Short web captions:
^^^^

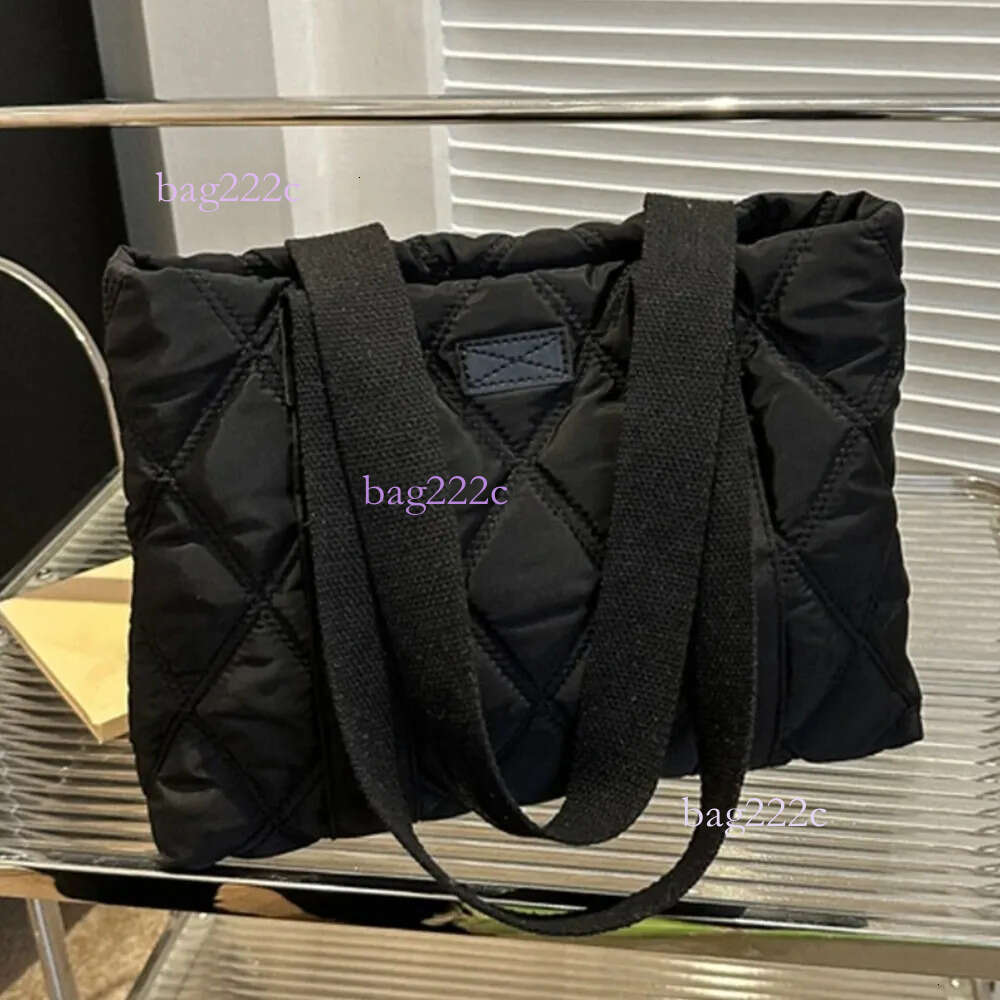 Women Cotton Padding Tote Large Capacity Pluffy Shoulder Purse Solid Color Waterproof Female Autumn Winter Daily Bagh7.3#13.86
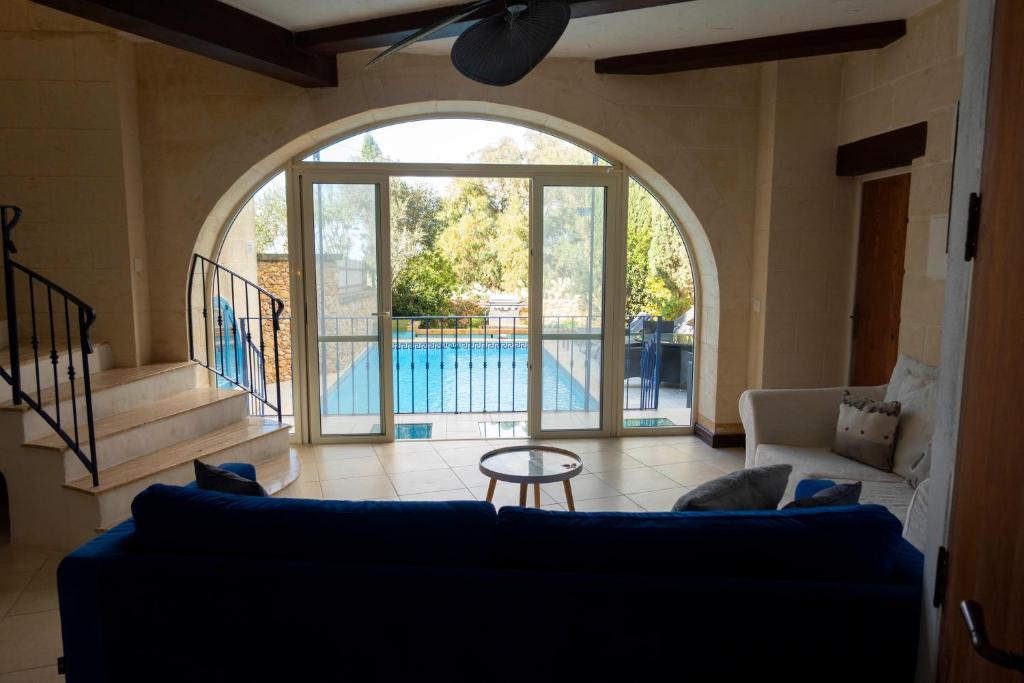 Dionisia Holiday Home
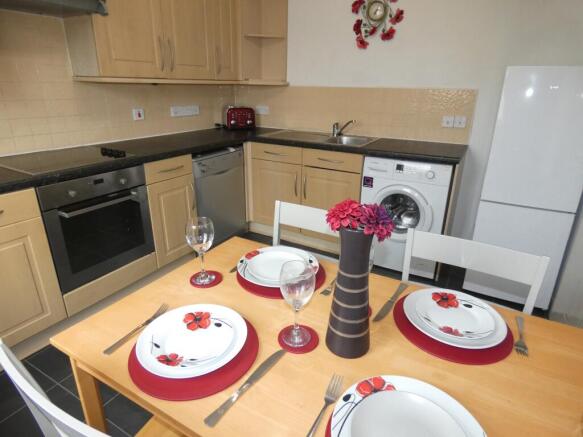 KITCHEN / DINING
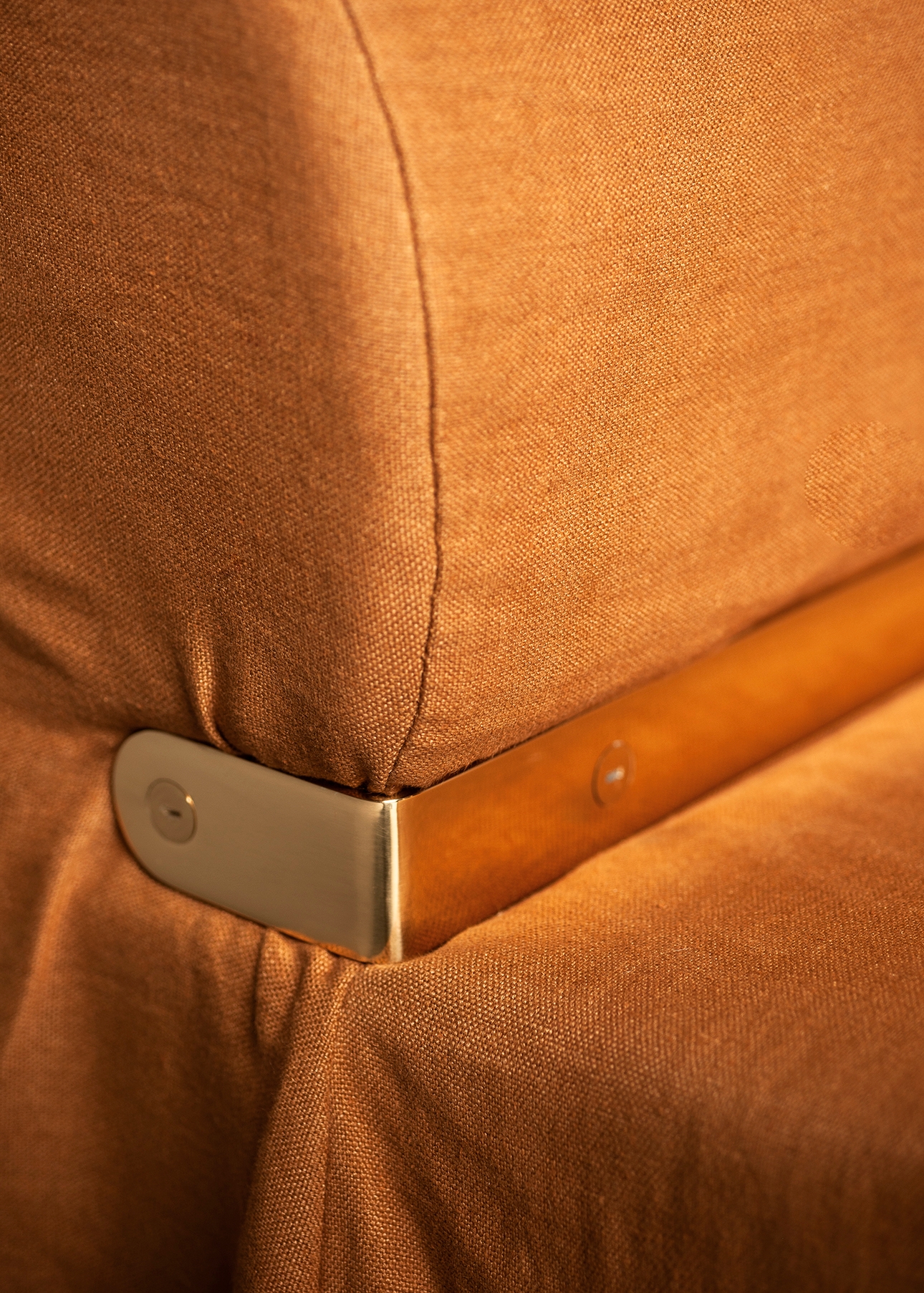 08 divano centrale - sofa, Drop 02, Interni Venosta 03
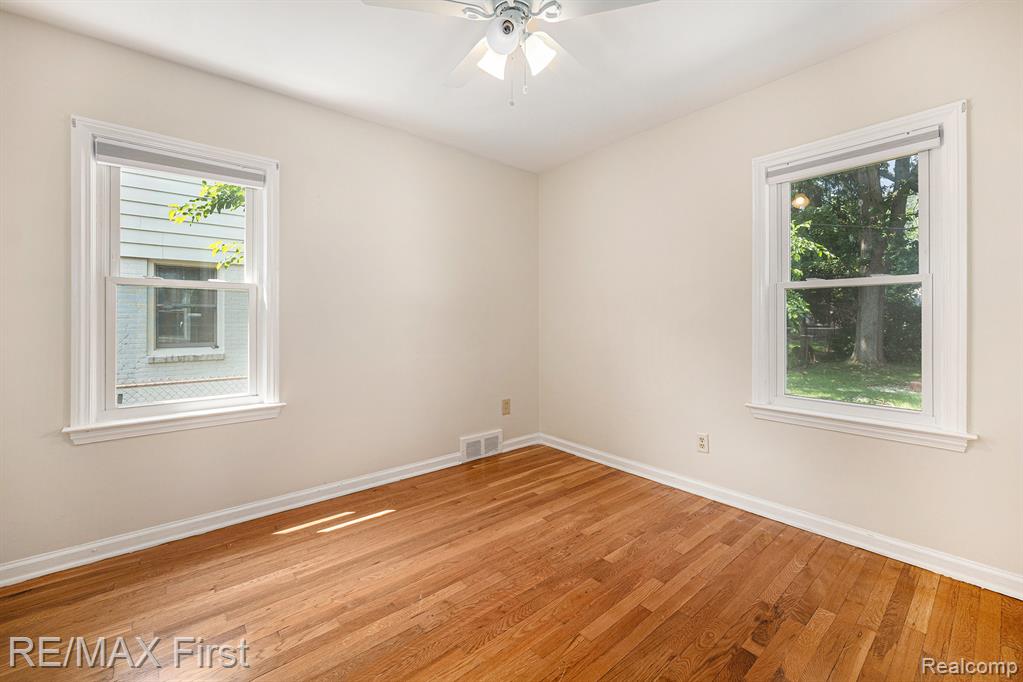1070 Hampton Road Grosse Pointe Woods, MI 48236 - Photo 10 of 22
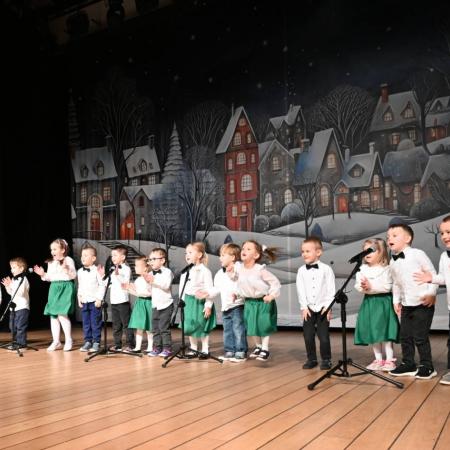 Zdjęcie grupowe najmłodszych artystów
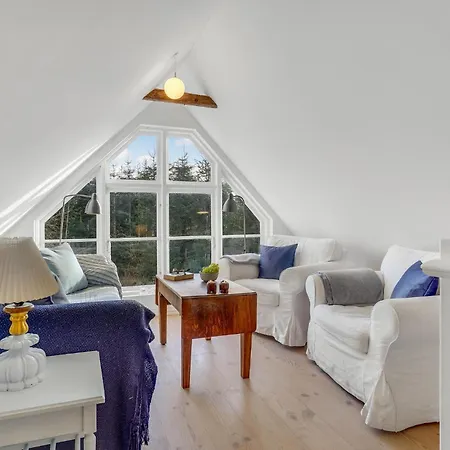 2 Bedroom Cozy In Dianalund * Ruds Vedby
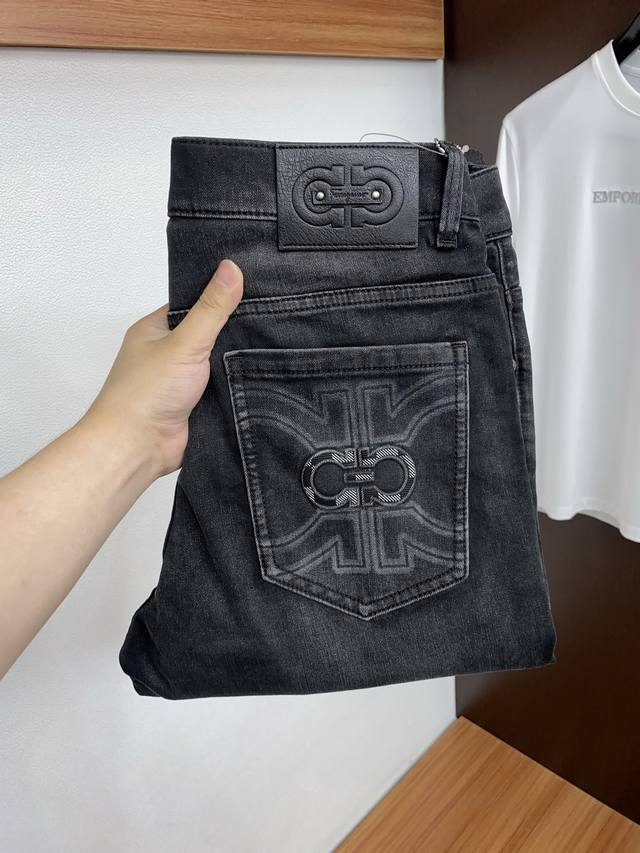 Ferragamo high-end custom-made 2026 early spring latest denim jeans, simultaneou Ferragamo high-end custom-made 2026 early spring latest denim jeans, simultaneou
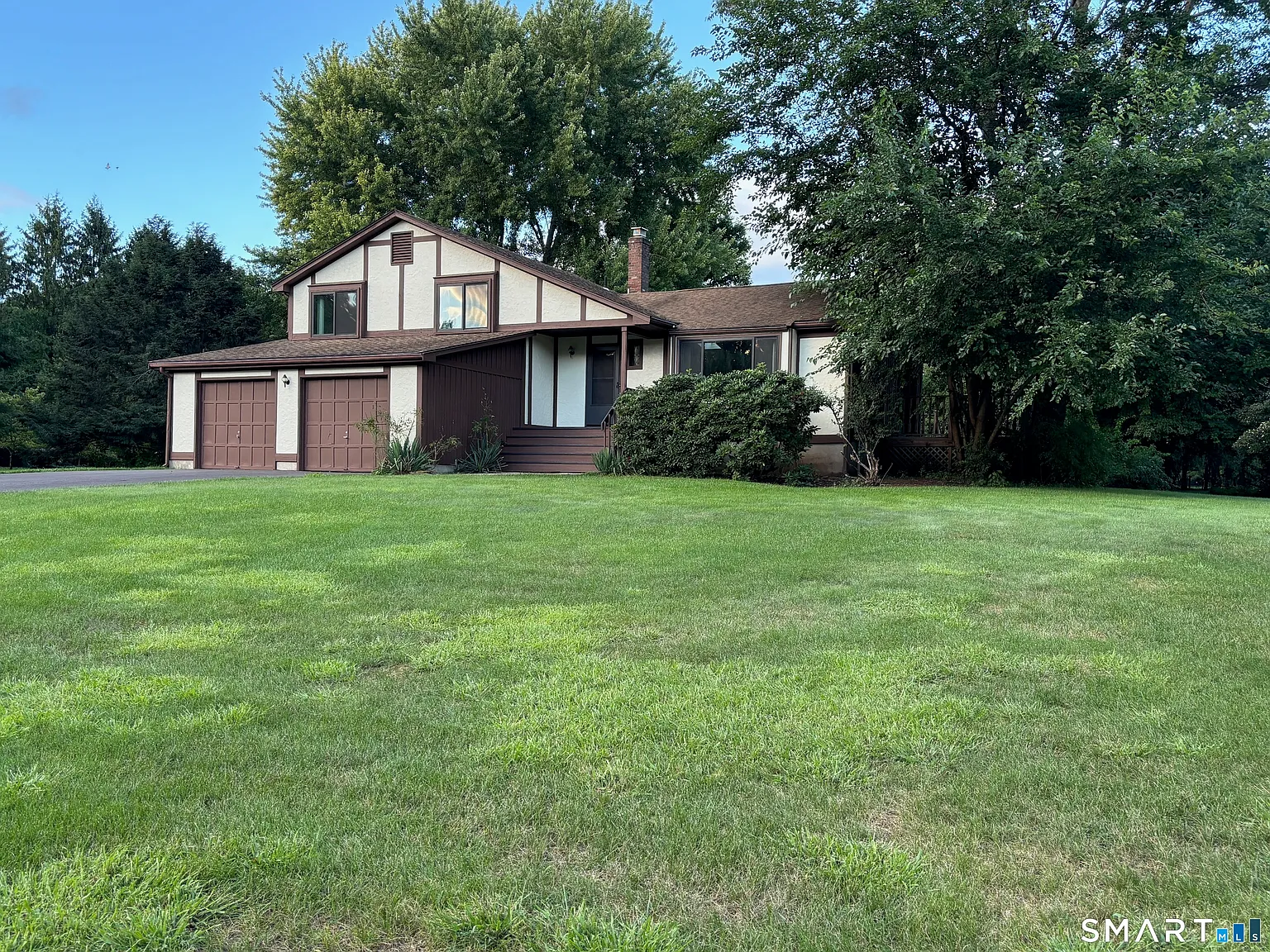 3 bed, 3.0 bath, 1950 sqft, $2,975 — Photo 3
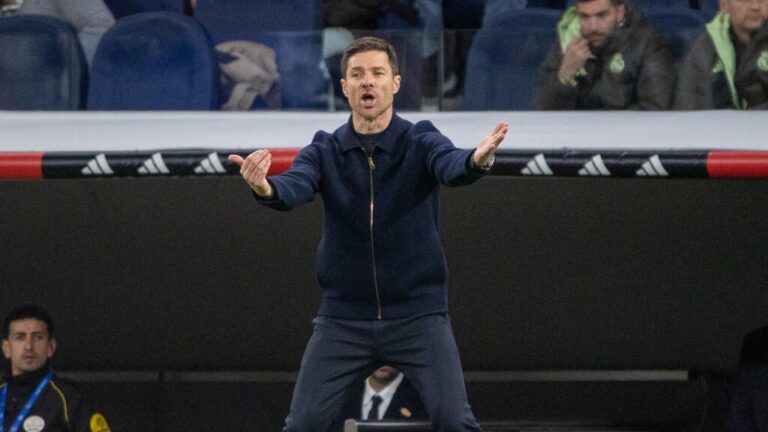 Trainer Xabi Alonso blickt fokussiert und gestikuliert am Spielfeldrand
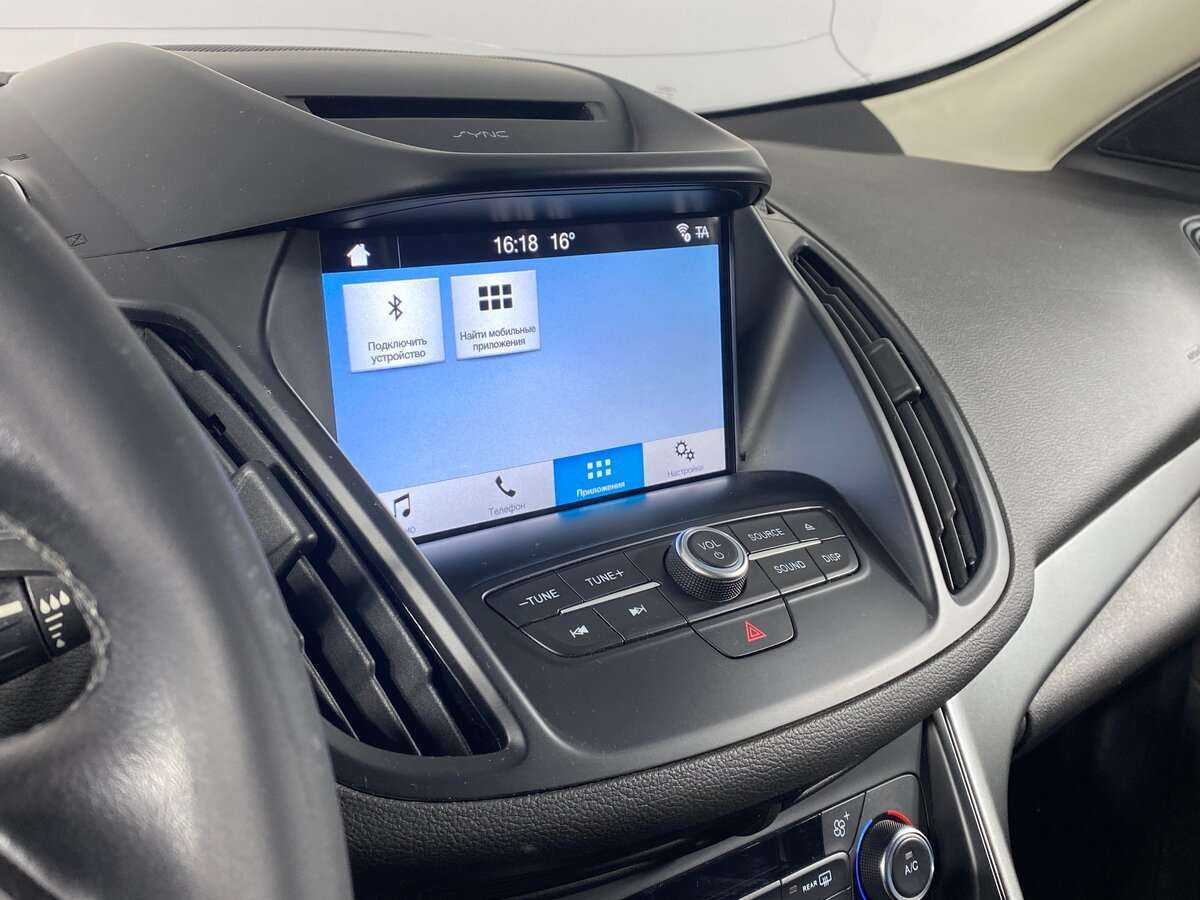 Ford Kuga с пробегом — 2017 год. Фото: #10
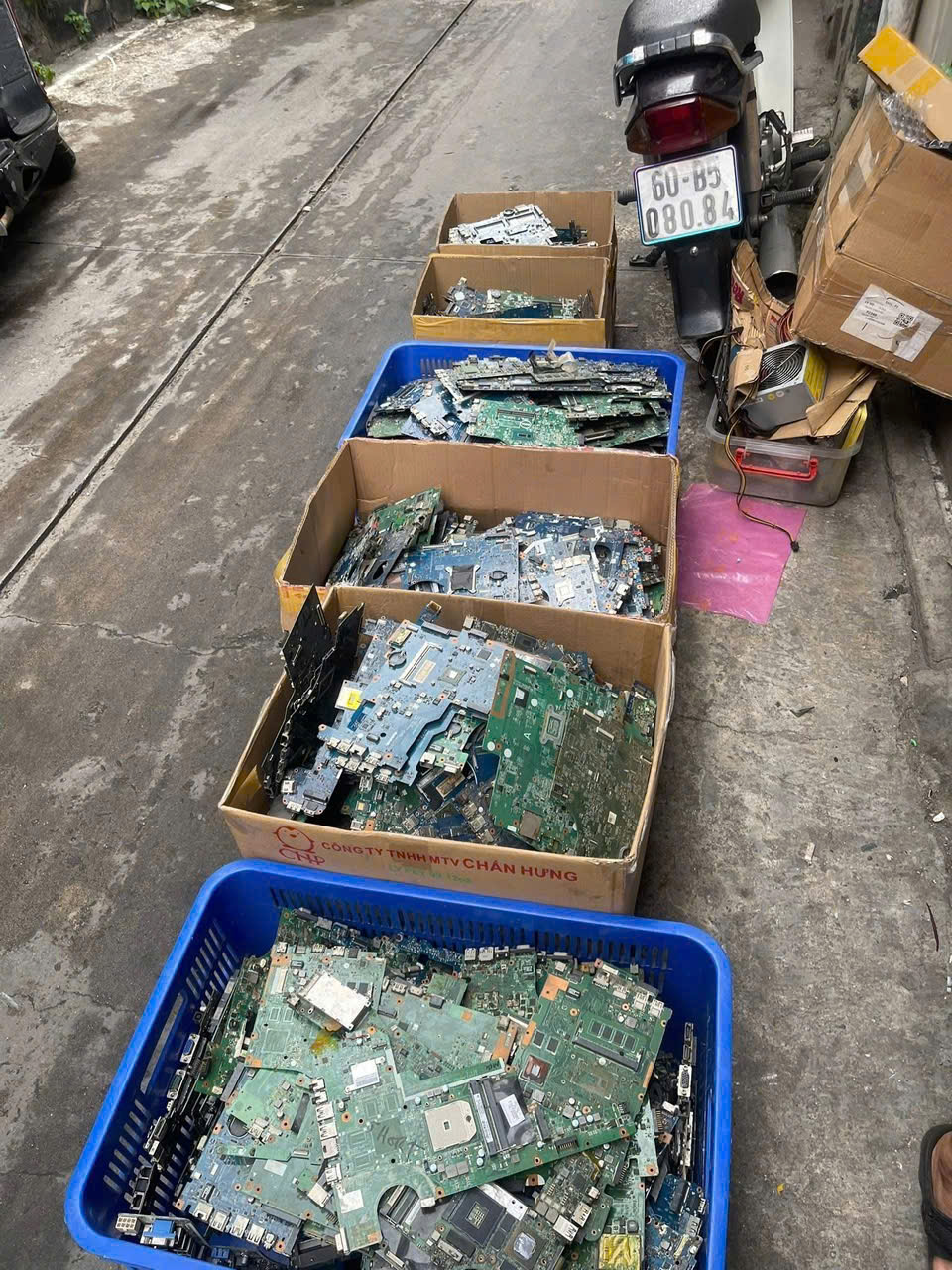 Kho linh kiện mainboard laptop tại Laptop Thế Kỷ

^^^^

-- EXERCISE DIRECTIONS --
No picture belongs in the answer; the rest of the records must be repeated exactly.

-- YOUR RESPONSE --
 Women Cotton Padding Tote Large Capacity Pluffy Shoulder Purse Solid Color Waterproof Female Autumn Winter Daily Bagh7.3#13.86
 Dionisia Holiday Home
 KITCHEN / DINING
 08 divano centrale - sofa, Drop 02, Interni Venosta 03
1070 Hampton Road Grosse Pointe Woods, MI 48236 - Photo 10 of 22
 Zdjęcie grupowe najmłodszych artystów
 2 Bedroom Cozy In Dianalund * Ruds Vedby
 Ferragamo high-end custom-made 2026 early spring latest denim jeans, simultaneou Ferragamo high-end custom-made 2026 early spring latest denim jeans, simultaneou
 3 bed, 3.0 bath, 1950 sqft, $2,975 — Photo 3
 Trainer Xabi Alonso blickt fokussiert und gestikuliert am Spielfeldrand
 Ford Kuga с пробегом — 2017 год. Фото: #10
 Kho linh kiện mainboard laptop tại Laptop Thế Kỷ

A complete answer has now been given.